書き始めはここだよ!と説明するよりは、ひらがな迷路のスタートはここでーす!と、ゲーム感覚で誘導してあげるようにすると、子どもたちも楽しく挑戦できます。
数字が読める子なら、書き順を一緒に見ながら、どこがスタートでしょうか!次はどこからスタートですか?先生!などと聞いて、クイズ形式や、先生ごっこをしながらやっても楽しいですよ。
形を覚えさせて、書き順だけ後からやればいいかなとおっしゃる方もいるのですが、書き順を最初から正しく覚えることはとても重要なことです。

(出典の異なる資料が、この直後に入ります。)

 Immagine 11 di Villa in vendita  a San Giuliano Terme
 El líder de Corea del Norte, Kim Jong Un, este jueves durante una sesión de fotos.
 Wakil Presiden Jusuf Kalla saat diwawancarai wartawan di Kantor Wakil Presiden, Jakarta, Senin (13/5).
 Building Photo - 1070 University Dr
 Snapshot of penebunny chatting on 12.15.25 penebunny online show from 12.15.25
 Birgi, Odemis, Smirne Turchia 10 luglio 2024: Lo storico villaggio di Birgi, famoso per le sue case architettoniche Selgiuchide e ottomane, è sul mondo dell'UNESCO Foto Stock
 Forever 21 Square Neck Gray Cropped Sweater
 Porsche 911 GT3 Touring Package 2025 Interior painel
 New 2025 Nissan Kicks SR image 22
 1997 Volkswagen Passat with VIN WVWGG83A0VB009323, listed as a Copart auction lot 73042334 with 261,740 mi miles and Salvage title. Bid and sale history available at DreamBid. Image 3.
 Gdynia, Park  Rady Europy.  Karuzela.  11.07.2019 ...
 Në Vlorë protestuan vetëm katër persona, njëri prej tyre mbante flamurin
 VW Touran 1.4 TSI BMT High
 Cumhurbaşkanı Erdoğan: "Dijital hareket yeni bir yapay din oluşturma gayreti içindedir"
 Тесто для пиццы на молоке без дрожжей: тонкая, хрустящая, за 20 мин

実は私自身が、書き順を間違えたまま覚えてしまい、小学校に入学してから、書き順を覚えなおすのに非常に苦労しました。
正しい書き順は、文字を美しく速く書くことにつながり、習字に挑戦したりするときや、大人になってからも役立つ武器になりますので、練習を始める今、しっかり書き順を意識して書くことを習慣にしましょう。
飽きさせない工夫
黒い鉛筆でばかり練習していると、飽きてしまって練習してくれなくなることがあります。
我が家でも、少し練習して手が疲れてきたりすると、すぐにやめてしまうことがありました。
そして、最初のうちは筆圧が薄すぎて、書いた文字があまりはっきり見えずに本人もやる気を失ってしまうという問題も発生しました。
そこでいろいろと調べ、あるアイテムを購入することにしました。
はらぺこあおむし よくばりノート というものです。
ひらがなの練習はもちろん、カタカナや数字、アルファベットまで練習できる、とても便利なノートで、書き順もちゃんと表示されています。
そして、このノートは普通のノートではなく、ホワイトボードのような、つるつるした素材でできていて、ホワイトボード用のマーカーや、クレヨンでも書くことができるという優れものです。
商品では、確かにクレヨンでも書けるとうたっているのですが、我が家で実際に手持ちの普通のクレヨンで書いてみたところ、ざらざらの紙とは違って、色がうまく乗らないだけでなく、書いた後、きれいに消すことも非常に大変でした。
ケチらずにホワイトボード用のマーカーを用意して使うのが、一番よさそうです。
磁石でくっつくホワイトボード用マーカー8色セット。キャップに黒イレーザー付き。 消せる カラフル かわいい 白板 カラーボード
鉛筆や、普段お絵かきをするマーカーとも違う、ホワイトボードのなめらかな感触がおもしろかったようで、息子はこのよくばりノートにはまりました。
何度も書いて消せることも不思議なようで、書いては消し、書いては消し、勝手に何度も練習してくれるようになりました。
筆記具も鉛筆やペン、時にはボールペンなど、変化をつけるようにしましたし、紙、ノート、ホワイトボードと形を変えて飽きさせない工夫をしました。
練習ばかりではなく、おじいちゃん、おばあちゃんに、本物のハガキに手紙を書いて送ってみたりもしました。
このハガキはとても喜んでもらうことができ、遊びに行ったときにもたくさんほめられて、息子もうれしそうにしていました。
まとめ
ひらがなの練習は、家庭学習で一番初めにぶつかる壁かもしれませんが、子どもが楽しく練習に取り組めるように工夫すれば、遊びの一環として、進んで練習してくれるようになります。
少しづつステップアップしていくことで、子どもたちの自信につながり、できることが増えていくうれしさを体験させて、お子さんが新しいことに挑戦する勇気も育てることができます。
運筆の練習、筆圧や、文字の書き順など、練習を始めた今、最初に覚えてしまえば、学校に上がっても苦労することなく、また、将来的にもずっと自分の武器としてついてくる特技にもなりえます。
うまくお子さんのやる気を引き出して応援してあげられるように、工夫してサポートしてあげたいですね。